Sacred Roman Well with Evidence of Dog Sacrifice Uncovered
Archaeologists in Portsmouth, UK, have discovered a Roman well buried just a few feet under a garden in the centre of Havant. The well was filled with coins, a bronze ring with a carving of Neptune, Roman god of the sea, and eight dog skeletons. Experts believe the dogs were dropped down the well as a sacrifice to the gods.
Dr Andy Russel from Southampton Archaeology Unit said that it is the first time that evidence of dog sacrifice has been found in Portsmouth. “I’ve never come across a deposit of dogs down a Roman pit or well before – it’s intriguing,” he said.
The well, dated at between 250 and 280AD, is made of stone from the Isle of Wight.
While it is the first discovery of its kind in the region, evidence of dog sacrifice dating back to ancient times is quite common and it took many ritual forms, although two general categories of symbolism can be identified.
The first connects the rites of animal sacrifice to gods relating to procreation and development (Mazzorin & Minniti, 2002). In the area of Kolonos Agoraios in Athens, in a well deposit dated to the 2 nd century BC, the bones of 450 infants and 150 dogs were found. The association of the dogs and babies in the well has been interpreted as evidence of rites of purification associated with childbirth. In Ancient Greece one of the rites of passage involving dog sacrifice, was in honour the earth goddess who watched over birth. This ritual is documented in Italy by the bones of dogs found together with ceramic shards dating to the late 4 th century BC found in the well of a temple at Pyrgi, which was identified with goddesses associated with the concept of birth and development.

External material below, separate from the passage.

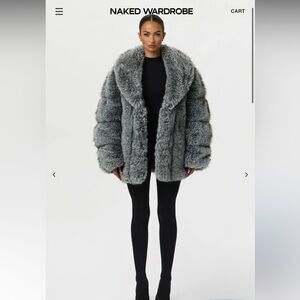 Naked Wardrobe Gray Teddy Jacket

The second form appears to take its origins from the everyday role of dogs in human life as faithful companions and guardians of precious possessions (Mazzorin & Minniti, 2002). There has been a multitude of tomb findings in which the remains of a dog were found next to or near a buried individual, suggesting that the dog was killed in order to be buried alongside its owner. Dogs were often connected with the Underworld and were assumed to belong to both the land of the living and the land of the dead (Sergis). In the mythology of ancient Greece dogs played a part in three important phases of man’s relationship with death: the passage from life to death; the time spent in the Underworld; and the return to life as a spirit.

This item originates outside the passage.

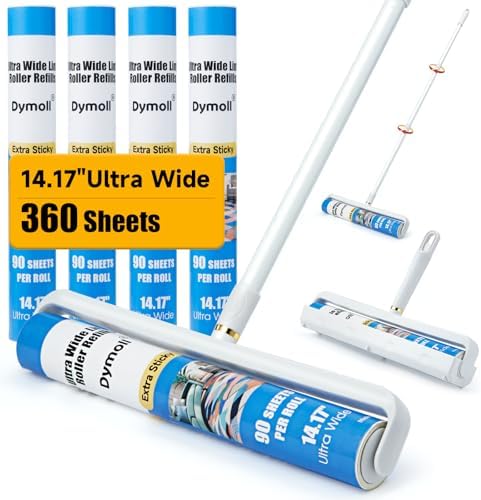 Dymoll 14.17" Large Lint Rollers for Pet Hair Extra Sticky, 360 Sheets Roller with Long Handle for Cleaning Carpets, Clothing, Couch, Furniture Wall Cleaner Mop Dust Remover by DYMOLL
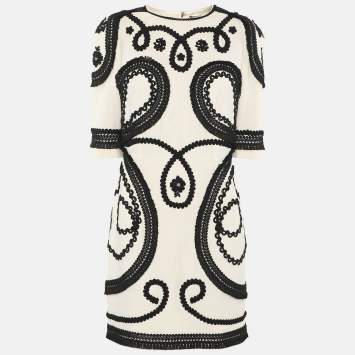 مملوكة مسبقًا Dolce & Gabbana Cream/Black Crepe Embroidered Mini Dress M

Archaeologists in Portsmouth are working to uncover more of the mysteries of the ancient Roman well and why the dogs were sacrificed there, perhaps linking the well to the worship of a particular god or goddess.
De Grossi Mazzorin, J. & Minniti, C. (2002). Dog Sacrifice in the Ancient World: A Ritual Passage? Dogs and People in Social, Working, Economic or Symbol Interaction, pp 62-66.